Anyway, right as I walk in to join my table, the night starts off with shots for everyone!
Now, I love to have a good time and shot's aren't so bad SOMETIMES, but I wasn't necessarily in the mood for them last night. Well, that didn't matter, I got a shot anyway. I was told the shot of choice for that evening was something like "tangerine vodka" it tasted like rubbing alcohol to me (not that I know that rubbing alcohol tastes like) The shots and drinks just kept coming, non stop. It wasn't my fault I swear!

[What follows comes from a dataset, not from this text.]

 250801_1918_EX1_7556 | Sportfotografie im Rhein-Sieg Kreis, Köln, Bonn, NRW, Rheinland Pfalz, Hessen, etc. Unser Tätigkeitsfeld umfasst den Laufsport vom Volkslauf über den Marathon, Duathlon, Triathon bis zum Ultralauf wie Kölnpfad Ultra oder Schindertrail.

The night was actually going quite well, when my friend "Lola" and I decided to use the restrooms. I'm still a bit disturbed and slightly intrigued about the whole experience. We walk in to the ladies bathroom, only to find the entire place tagged with drawings and writings plus the bathroom was absolutely spotless, I'm talking clean as a whistle folks (what the hell does that mean anyway?)

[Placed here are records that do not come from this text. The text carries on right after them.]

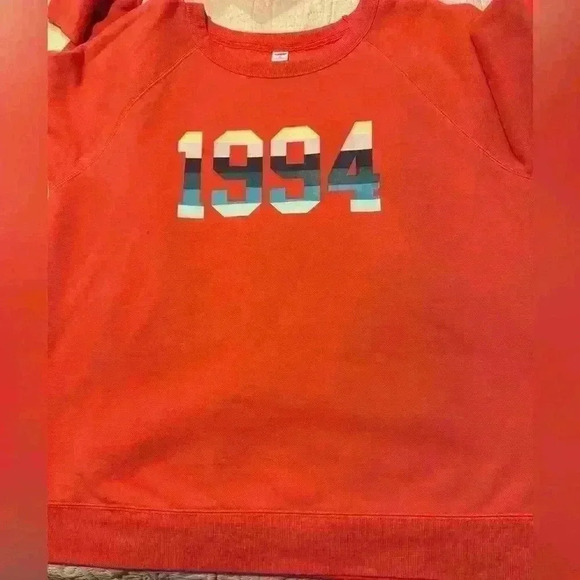 Old Navy Red 1994 Sweatshirt Size xl - Picture 1 of 8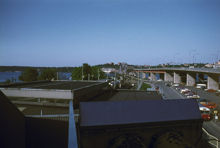 Vy från Ropsten mot  Lidingö. T.h. Lidingöbron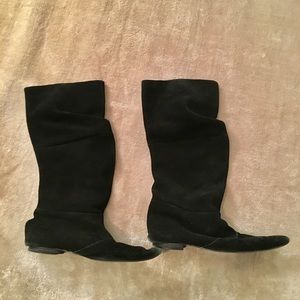 Penny Loves Kenny | Black Suede Slouchy Boots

Some of the writings were too offensive even for me mention. (yeah, I'm surprised too!) Other's were really very profound. People were quoting John Lennon, Jesus, Mighty Dyckerson and even Mel Gibson. I was overwhelmed with such awe, I HAD to take some pictures for your viewing pleasure to share with my faithful blog readers.
I hope these are legible enough for you to read? If not, I have taken the time to translate each one for you below. Enjoy...

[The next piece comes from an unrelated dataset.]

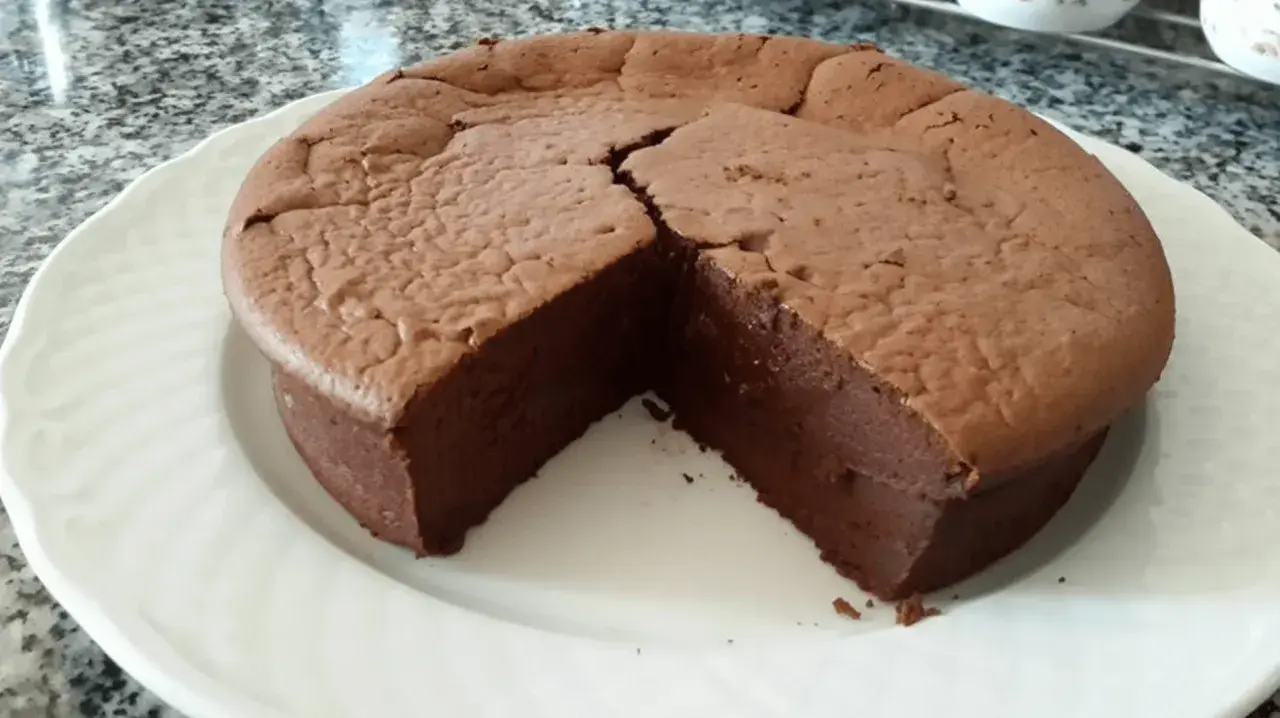 Un gâteau d'anniversaire facile et bluffant, un fondant au chocolat intense et moelleux, prêt à être dégusté.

#1. "War is not the answer! Jesus tells us to turn the other cheek."
#2. "Knick knack patty whack, we all like to bone. If you don't have a big cock, then leave my pussy alone..."
#3. "Women are like tea bags. They don't know how strong they are until they're in hot water"
#4. "I HEART the Midnight Cowboy!"
17 Comments:
I can't remember. Which one did I write?
Infidels! Dance while you can in The Great Satan's disco! Your lack of faith in the great Allah shall be your demise!
- Sheik Yerbouti
You ever notice bathroom graffiti is often misspelled.
I don't think graffiti should be a crime--I think these "artisits" should do time for murdering the English language.
you
gotta love
puke green walls!
/t.
Wait ... you did a post about going out that didn't involve you getting drunk and making out with a stranger?
I don't know what is going on with you and Dyck ... you have both changed so much this week.
And who in the world voted for me on your poll? Hell, even I didn't vote for me.
Damn, what's my phone number doing in there?
Jesus told us to turn the other cheek...
in a men's room that takes on a whole new meaning.
Are you leaving the heels on while you're hating me?
i like
that first pic --
shave your butt!
yeah
/t.
Dyckerson: I believe someone quotes you as saying, "Sex is the best high. It's better than any drug. I want to die making love because it feels so good."
puerileuwaite: Bak. Derk-derk-Allah. Derka derka, Mohammed Jihad. Haka sherpa-sherpa. Abaka-la.
Crash: I am wearing heels tonight and I'm not hatin' you boo
/t: Oddly enough the walls were white. It's my camera phone that sucks
moderator: I voted for you, why wouldn't I? You're fuckin hot!
I didn't make out with any strangers that night, but who knows about tonight!!!!!!
tfg: bite me
Dude: Hey buddy, that "kiddie poem" makes a lot of sense!
It could have been worse, she could have taken pictures of the kids after she dropped them off in the pool!!!
grrrrrrrrrrowl
I bet "I HEART the Midnight Cowboy!" was Mighty Dyck's
We used to say:
"drop the Cosby kids off at the pool."
I'm guessing these seemed much more profound after a few shots than they do in the sober light of day.
I was once told to turn the other cheek. It was painful. Last time I go river rafting in Georgia.